The start of each term brings a direct line from Rockefeller Center Director Andrew Samwick.

With the arrival of the Fall Term, the faculty and staff of the Rockefeller Center welcomed the Class of 2018 to Dartmouth. Over the next four years, the curriculum and programs at the Center will engage them in the theory and practice of public policy. Public policy is relevant in all areas in which stakeholders are diffuse, problems are complex and interdisciplinary, and solutions must mobilize market and non-market resources.

In the United States, as in no other country, solutions to public policy challenges include but extend well beyond the public sector. To see just how unusual the U.S. is, I present below a graph based on research I did with Don Casler ’14 while he was a presidential scholar research assistant of mine. All data are found in publications of the Organization for Economic Cooperation and Development (OECD). The data are for 2007, the last year before the Great Recession and thus a good indication of longer-term trends.

Source: Author's tabulations of OECD data.

Each point on the graph shows two measures of the size of a country’s “public sector,” with each country identified by a three-letter abbreviation. A country’s horizontal distance from the origin indicates the ratio of the expenditures of its federal, state, and local governments to the size of its economy, measured by Gross Domestic Product (GDP). This is the size of the public sector as conventionally measured. According to this measure, the United States is near the middle of the pack. (Note that in analogous comparisons that look only at the size of the federal government, the United States is relatively lower, given the unusually large size of our state and local government sectors compared to other countries.)

The vertical axis provides a different measure of the size of the public sector. It adds private expenditures on health, education, and social welfare to the expenditures of federal, state, and local governments. The vertical distance from the origin is the ratio of all of these expenditures to GDP. The vertical distance from the 45-degree line shows the size of the private sector expenditures as a share of GDP. Two aspects of the graph are noteworthy.

First, many European countries are very close to the 45-degree line.
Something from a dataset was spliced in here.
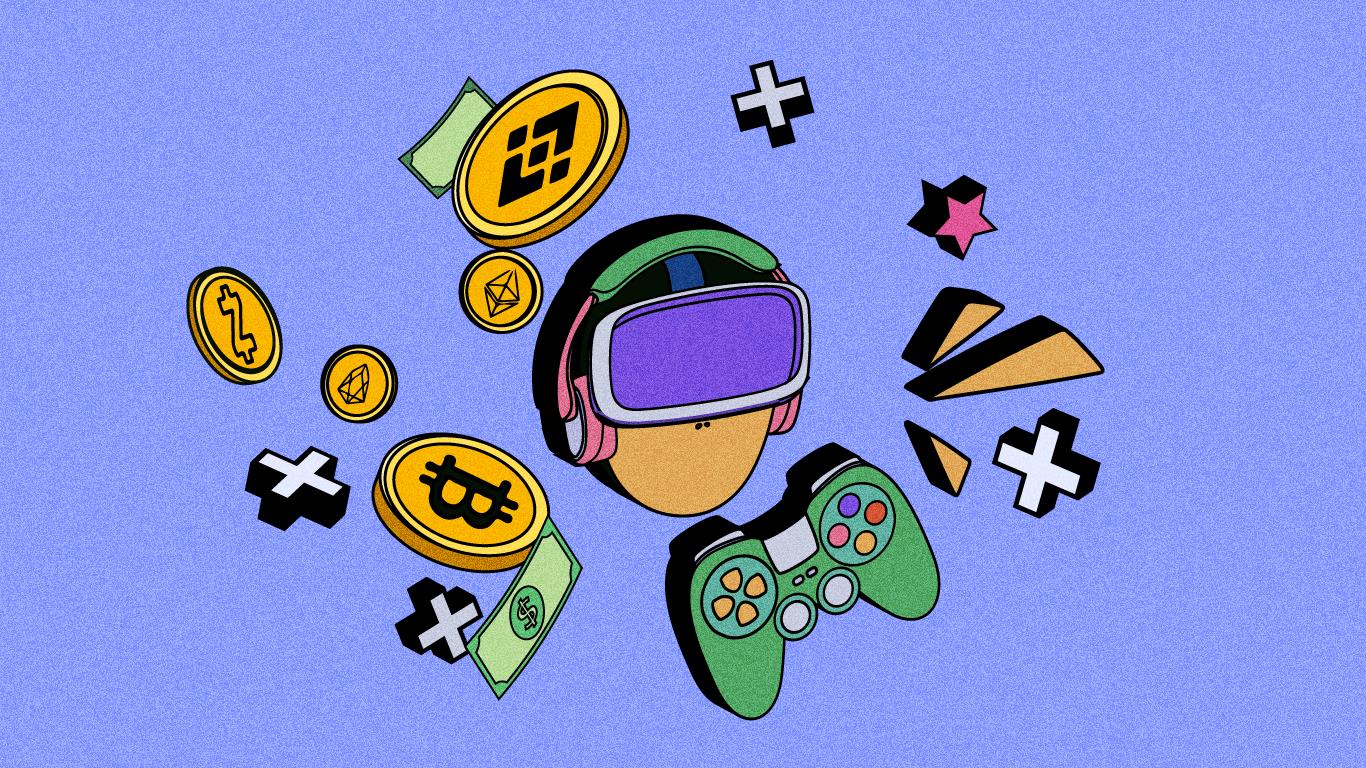 加密游戏将如何逆转加密寒冬？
They have almost no private expenditures on health, education, and social welfare. Whatever they spend in these areas, they spend through government entities. Second, the United States has by far the largest private sector focused on these issues. Indeed, the nonprofit sector in the United States accounts for over $1 trillion per year in expenditures. When private expenditures in areas that in other countries are handled almost exclusively by the government are considered, the US has a “public sector” that is as large as France and thus the second largest in the world.
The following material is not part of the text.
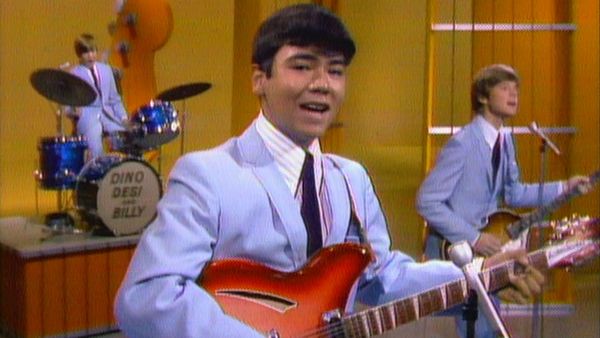 Ed Sullivan's Rock 'N' Roll Classics - Teen Idols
This uniquely American approach to public policy certainly reflects a difference in tastes and culture across countries. But it may also reflect inefficiencies in the American system. Our expenditures in health and education, in particular, are large relative to the economy, handled in no small part through the private sector, and in general not correlated with better outcomes compared to other countries. For all of these reasons, the interplay between government and private entities focused on improving outcomes in health, education, and social welfare is an important part of both the theory and practice of public policy in the United States.

--Andrew Samwick, Director of the Nelson A. Rockefeller Center for Public Policy and the Social Sciences

Andrew A. Samwick is the Director of the Nelson A. Rockefeller Center for Public Policy and the Social Sciences, the Sandra L. and Arthur L. Irving '72a, P'10 Professor of Economics at Dartmouth College, and a research associate of the National Bureau of Economic Research. In 2003 and 2004, he served as chief economist on the staff of the President’s Council of Economic Advisers.
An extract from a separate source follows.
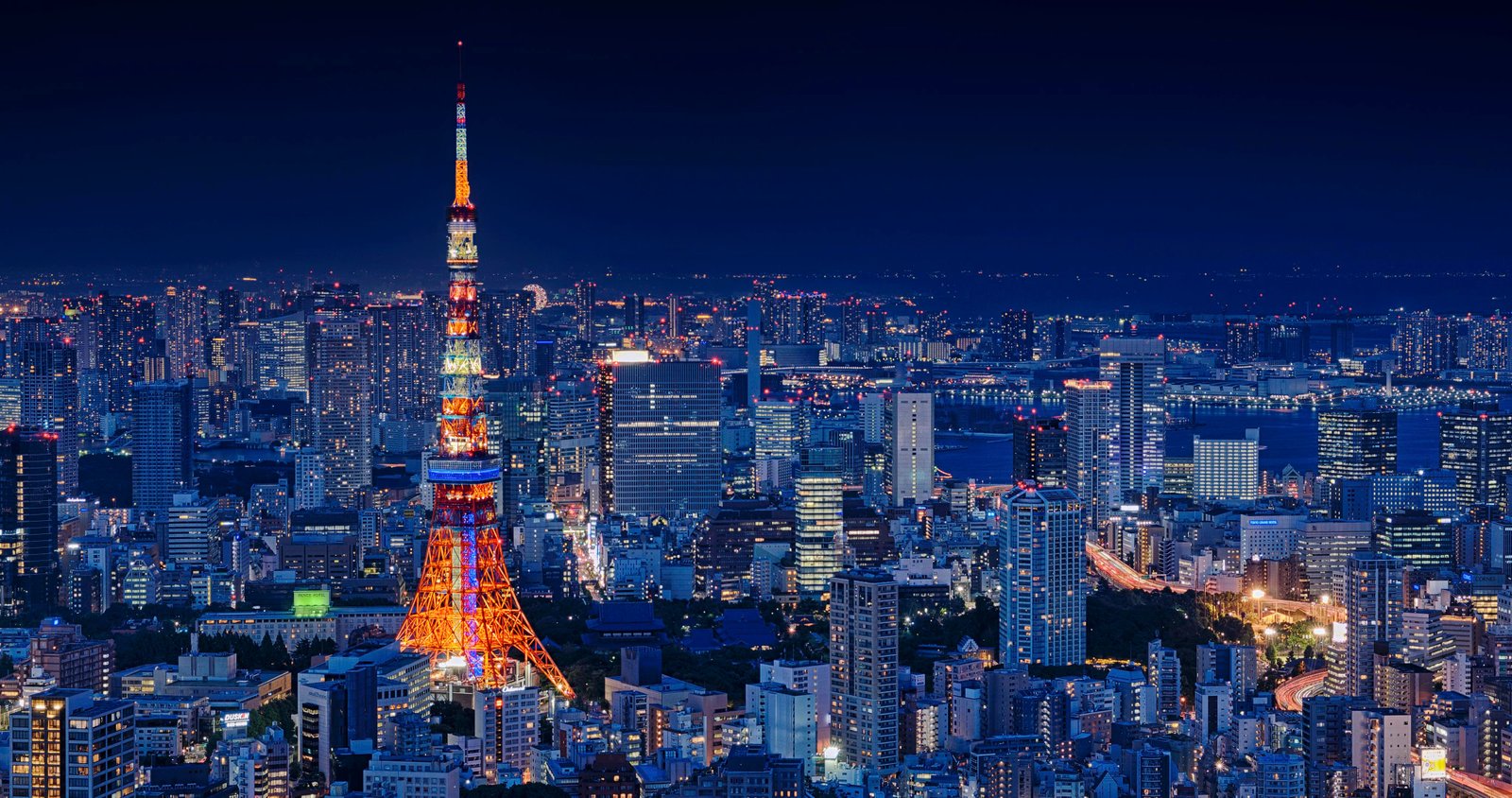 Tokyo Tower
Since joining the Dartmouth faculty in 1994, his scholarly work has covered a range of topics, including pensions, saving, taxation, portfolio choice, and executive compensation. Professor Samwick has been published in American Economic Review, Journal of Political Economy, Journal of Finance, Journal of Public Economics, and a number of specialized journals and conference volumes. He graduated summa cum laude with a degree in economics from Harvard College and received his Ph.D. in economics from the Massachusetts Institute of Technology. He blogs about economics, politics, and current events.